Since there are only 426 diagnoses, we can manually review and confirm that we cover all possible sepsis diagnoses. However, even still, keep in mind that these diagnoses are chosen according to the APACHE scoring criteria. For example, if a patient was admitted with sepsis secondary to a surgery, then the admission diagnosis would need to be the surgery they were originally hospitalized for. Thus we can consider these diagnoses specific, but not necessarily sensitive.


In [12]:
sepsis_dx = df_dx.loc[df_dx['valid_dx']==1, 'admitdxpath'].values
sepsis_dx = ["'" + x + "'" for x in sepsis_dx]

print('Using the following sepsis diagnoses:')
print('{}'.format('\n'.join(sepsis_dx)))

sepsis_dx = ','.join(sepsis_dx)

print()
query = query_schema + """
select 
  patientunitstayid, admitdxpath
from admissiondx
where admitdxpath in
(
{}
)
""".format(sepsis_dx)

df = pd.read_sql_query(query, con)
print('{} admissions found with an admission diagnosis of {}.'.format(df.shape[0], dx))
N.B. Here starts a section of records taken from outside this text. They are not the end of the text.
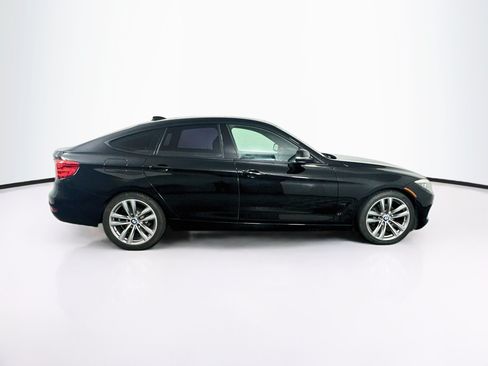 Used 2016 BMW 328i Gran Turismo xDrive AWD/4WD image 10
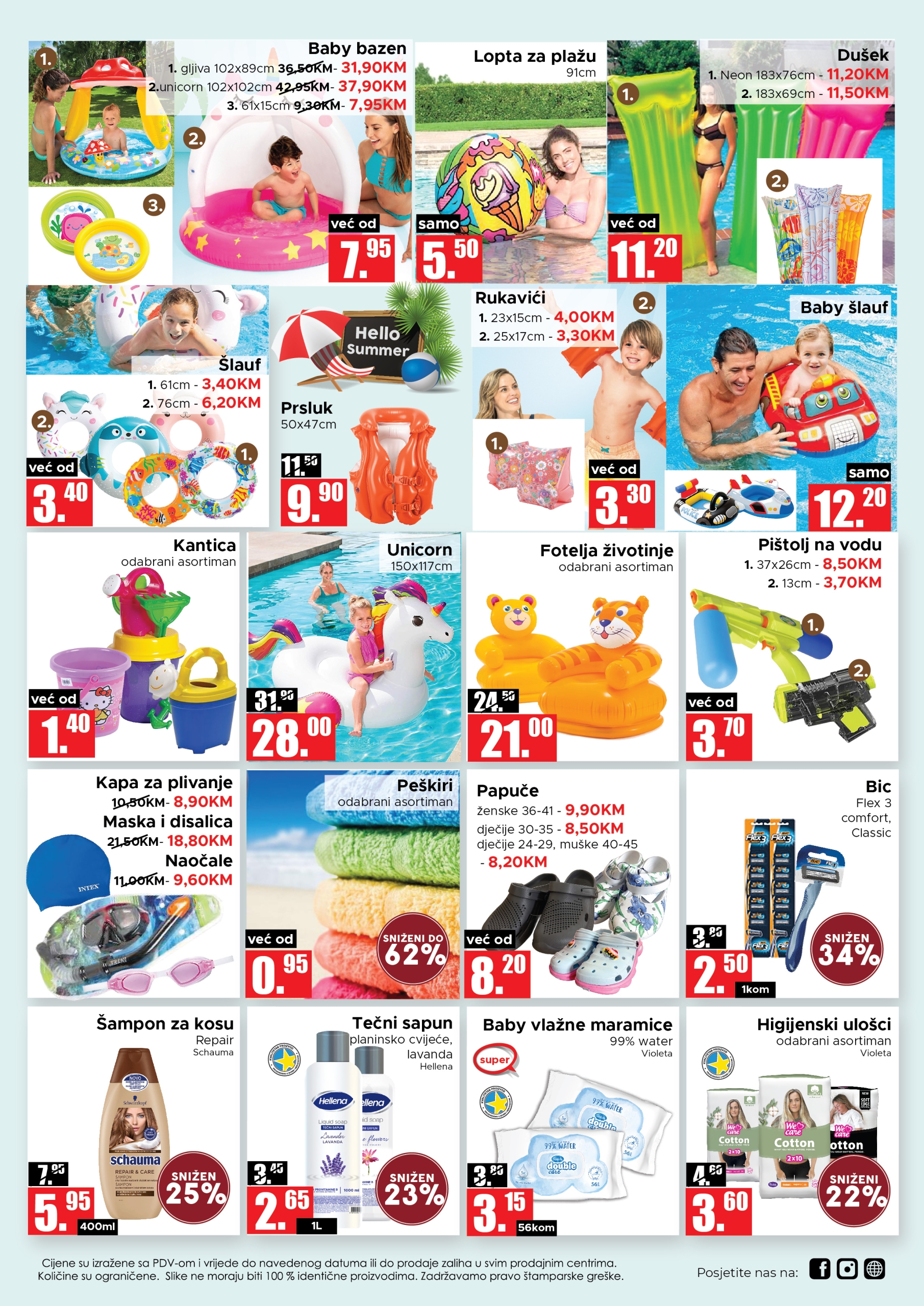 Amko katalog 3-16.7.2025.
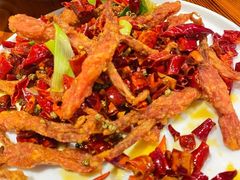 -满盆红龙虾(开发区店)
Using the following sepsis diagnoses:
'admission diagnosis|All Diagnosis|Non-operative|Diagnosis|Cardiovascular|Sepsis, pulmonary'
'admission diagnosis|All Diagnosis|Non-operative|Diagnosis|Cardiovascular|Sepsis, renal/UTI (including bladder)'
'admission diagnosis|All Diagnosis|Non-operative|Diagnosis|Cardiovascular|Sepsis, GI'
'admission diagnosis|All Diagnosis|Non-operative|Diagnosis|Cardiovascular|Sepsis, unknown'
'admission diagnosis|All Diagnosis|Non-operative|Diagnosis|Cardiovascular|Sepsis, cutaneous/soft tissue'
'admission diagnosis|All Diagnosis|Non-operative|Diagnosis|Cardiovascular|Sepsis, other'
'admission diagnosis|All Diagnosis|Non-operative|Diagnosis|Cardiovascular|Sepsis, gynecologic'

23136 admissions found with an admission diagnosis of sepsis.